25-latka rzuciła się na Gauff wcześnie, trzykrotnie przełamała jej serwis i wygrała pierwszego seta w 40 minut. Jednak rozstawiony z numerem 6 Amerykanin w dalszym ciągu zbierał piłki i zmuszał Sabalenkę do oddania dodatkowego strzału, w wyniku czego zbyt wiele z nich zaczęło latać daleko od linii bazowej lub obok linii bocznej.

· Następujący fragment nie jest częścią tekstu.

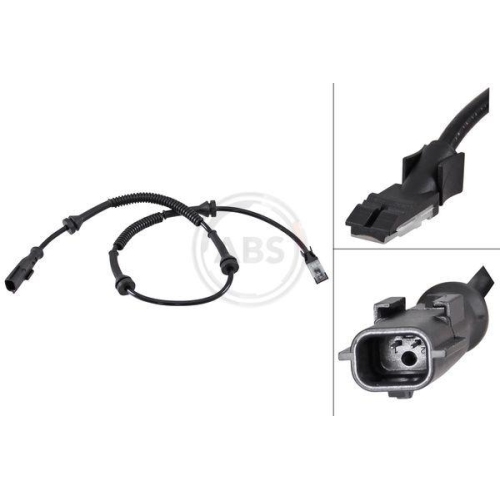 Sensor Raddrehzahl A.b.s. 31844 f&uuml;r Opel Renault Vauxhall Standard Automobile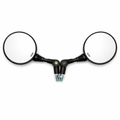 SPIKI CF Touring Mirrors (Pair) - 360-Degree Foldable Rear-View Mirrors for a Wide Field of View - Universal Fit for Most Motorcycles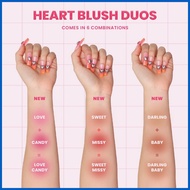 ┼ ✽ ― Chu Chu Beauty Heart Blush Duo in Miss Dolly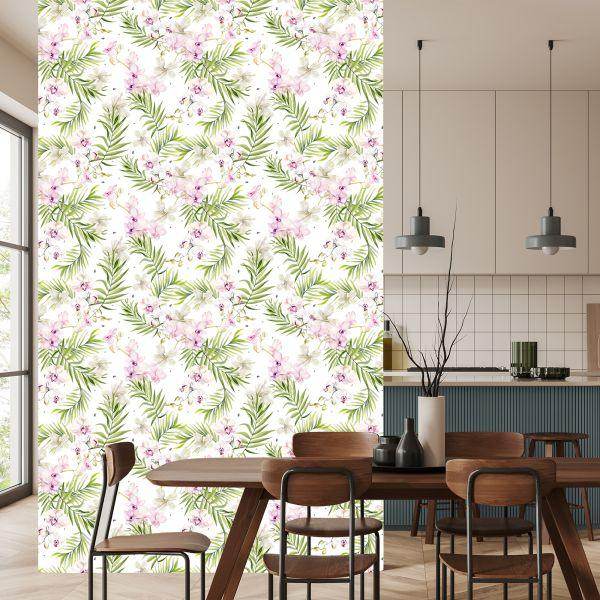 Behang Orchideeën, Orchideeën, Natuurbloemen - Afbeelding 4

„Zdecydowanie poruszała się dzisiaj po prostu niewiarygodnie” – powiedziała Sabalenka. „Ale potem w drugim secie zacząłem prawdopodobnie za dużo myśleć i przez to zacząłem w pewnym sensie tracić siłę. Potem ona zaczęła się lepiej poruszać, a ja zacząłem tracić wiele łatwych strzałów”.
Sabalenka zaliczyła 46 niewymuszonych błędów, w tym 16 przeciwko zaledwie dwóm Gauffowi w ostatnim secie.
Sabalenka starała się zachować optymizm podczas świętowania po meczu. Żartowała z fanami, którzy teraz ją oklaskiwali, ale przez poprzednie dwie godziny w dużej mierze i głośno kibicowali Amerykance.
„Mogliście wspierać mnie w ten sposób podczas meczu” – powiedziała.
Dokuczała swoim trenerom i trenerom, mówiąc: „Wiedzą, że po tym turnieju zostaną zwolnieni”.
Ale potem powiedziała im, jak bardzo docenia ich pracę i jak wiele jej pozostało.
„Jak zawsze wrócimy silniejsi, prawda?” – powiedziała Sabalenka.
Z pewnością tak się stało po zeszłym roku, kiedy porażka w półfinale z Igą Świątek była drugą z rzędu Sabalenką do finału we Flushing Meadows. W poniedziałek w rankingach wreszcie zobaczy swoje nazwisko przed Świątkiem i chce, żeby tam pozostało.
„Dobrze, że mogę powiedzieć, że byłam numerem 1 na świecie, ale naprawdę chciałabym zakończyć rok jako numer 1 na świecie” – powiedziała Sabalenka. „Dlatego nadal jestem pozytywnie nastawiony i nadal zmotywowany”.